Dans le jeu du travestissement du message et de l’information, nul n’est épargné. C’est pourquoi il est primordial de nous montrer particulièrement vigilants ; et si, d’aventure, nous venions un jour à nous laisser duper, puissions-nous faire preuve de suffisamment de clairvoyance pour retrouver les sentiers de la vérité et nous en excuser.
Dans le cas qui nous occupe, les indices d’une campagne de désinformation sont d’emblée présents, reprenant les mécanismes habituels.
Jordan Florentin, journaliste au Média d’extrême droite “Frontières” (anciennement “Livre noir”), proche de l’abbé Raffray, de soutiens d’Alain Soral et de personnalités rattachées au groupe Vivendi, a donné le ton au lendemain de la sortie du film. Le jeune homme s’est positionné comme “prêt à tout” pour promouvoir “Sacré-Cœur”, ultime rempart contre “l’halalisation” (sic) de la société. Dans le monde de la fachosphère, une pareille prise de position n’est ni accidentelle ni neutre. Elle revient à une participation active à une désinformation massive, autrement dit à un rôle prédéfini dans la banalisation de l’ultradroite et du catholicisme identitaire. Idem sur Cnews. Quand l’animateur condamné pour corruption de mineurs et harcèlement sexuel, Jean-Marc Morandini, s’insurge de façon théâtrale contre la supposée mise à l’index du film, ce n’est ni plus ni moins qu’un procédé de manipulation visant à toucher la corde sensible de son auditoire. Dans une chaîne où chaque sujet est pesé et où les intervenants sont “briefés” en amont pour les besoins de la ligne éditoriale, il va sans dire que les états d’âme sont à proscrire… à moins qu’ils ne servent son projet idéologique.
Bientôt le film voit son affiche boycottée par la SNCF et la RATP pour atteinte à la laïcité, chose qui permet aux hérauts du groupe Vivendi d'inscrire sa volonté d'utiliser “Sacré-Cœur” à des fins propagandistes. Des plateaux CNews à son annexe officieuse "Tout beau tout neuf” (anciennement “Touche pas à mon poste”) sans oublier les contenus relayés par les influenceurs Progressif Média, le film bénéficie d'une promotion exceptionnelle reposant sur sa prétendue éviction. Un procédé qui n'est pas sans rappeler celui utilisé lors de la disparition de C8 en février dernier, où la chaîne avait été présentée comme victime malheureuse de l'acharnement somme toute gratuit de l'ARCOM.

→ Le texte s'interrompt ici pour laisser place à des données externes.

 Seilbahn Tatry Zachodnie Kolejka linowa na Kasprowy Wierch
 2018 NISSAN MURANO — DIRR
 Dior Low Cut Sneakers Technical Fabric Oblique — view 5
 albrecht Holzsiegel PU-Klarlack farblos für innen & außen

II – Tu aimeras ton prochain comme toi-même.
Stéphane Ravier, sénateur Reconquête !, récemment condamné à un an d’inéligibilité pour prise illégale d’intérêts, a gagné la bataille juridique l’opposant à Benoît Payan, maire de Marseille. “Sacré-Cœur” sera donc diffusé au château de la Buzine, établissement géré en régie municipale par la ville. Le second acte de la mise en scène autour du film se politise et dépasse bientôt les frontières de la cité phocéenne. De victime du boycott d’entreprises privées à celui d’une mairie présentée comme christianophobe, la promotion du film semble s’apparenter au chemin de croix.

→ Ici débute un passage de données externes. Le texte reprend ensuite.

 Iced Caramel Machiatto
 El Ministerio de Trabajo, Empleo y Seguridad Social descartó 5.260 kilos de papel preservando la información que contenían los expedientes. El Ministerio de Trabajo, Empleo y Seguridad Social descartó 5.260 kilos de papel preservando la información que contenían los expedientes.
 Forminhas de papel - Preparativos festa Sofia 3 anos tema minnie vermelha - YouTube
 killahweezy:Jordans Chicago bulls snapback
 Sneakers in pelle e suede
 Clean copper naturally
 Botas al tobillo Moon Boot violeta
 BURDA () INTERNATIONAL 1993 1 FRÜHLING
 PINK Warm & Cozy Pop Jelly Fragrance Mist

Le 25 octobre, le tribunal administratif de Marseille ordonne la reprogrammation du long-métrage. Cette victoire surprise de l’extrême droite suscite l’envie des élus LR qui, à l’image de Martine Vassal, présidente de la métropole et candidate aux municipales de 2026, tentent de récupérer la polémique en prenant le train en marche. Un opportunisme électoral qui pose des questions quant à l’éthique de certaines personnalités politiques mais qui s’avère, hélas, fort commun en la matière.

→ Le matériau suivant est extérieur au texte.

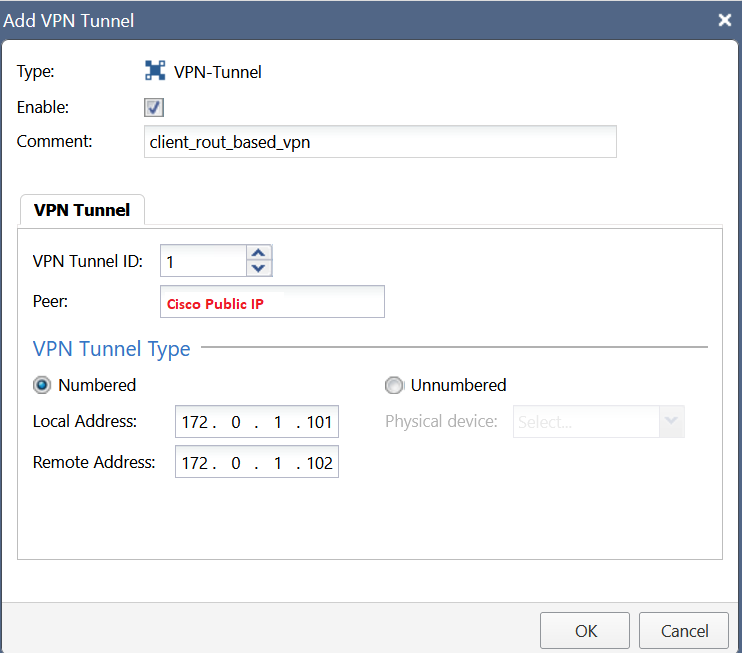 Solved: Route Base VPN with Cisco - Check Point CheckMates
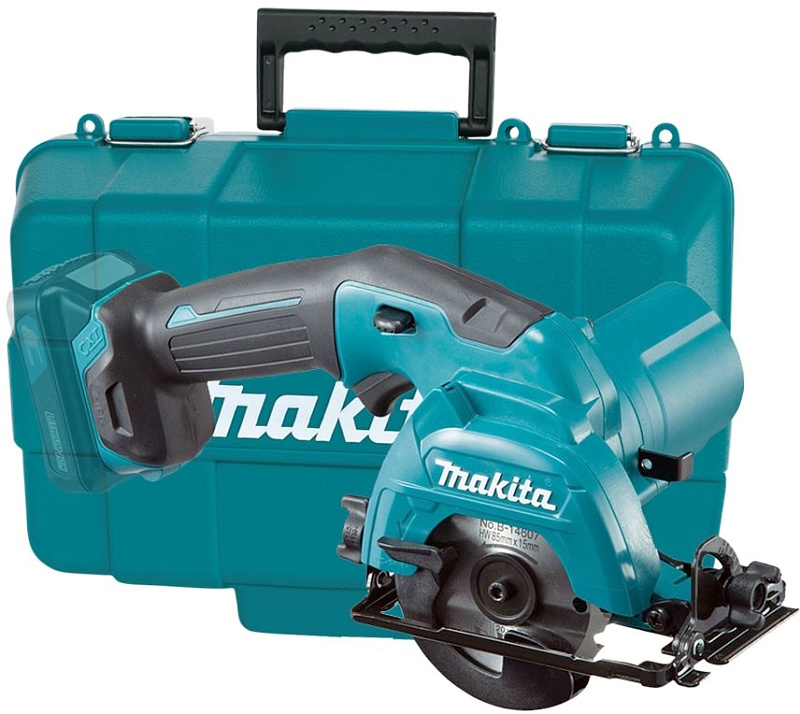 Дисковая аккумуляторная пила 85 мм, 12В CXT Makita HS301DWME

Si l’ordonnance du juge repose sur le fait que “Sacré-Cœur” ne soit diffusé que dans « un seul cinéma de la ville » et que « la programmation d’un film à caractère religieux ne porte pas atteinte au principe de laïcité », elle ne traite pas du fond du problème. En effet, le film dont le financement – et donc l’existence – repose sur le soutien de l’extrême droite et de ses hérauts médiatiques prend en otage l’ensemble des catholiques, du corps ecclésiastique aux fidèles, de Rome aux paroisses plus modestes de notre province. Le rejet de l’autre, l’extrémisme et tous les idéaux mortifères de la droite radicale ne doivent en aucun cas s’incarner dans un docu-fiction traitant de l’amour inconditionnel de Dieu. Il est moralement impossible de travestir la haine la plus crue en œuvre religieuse tout comme il est incompatible avec notre condition d’homme de demeurer impassible face à une telle prise d’otage.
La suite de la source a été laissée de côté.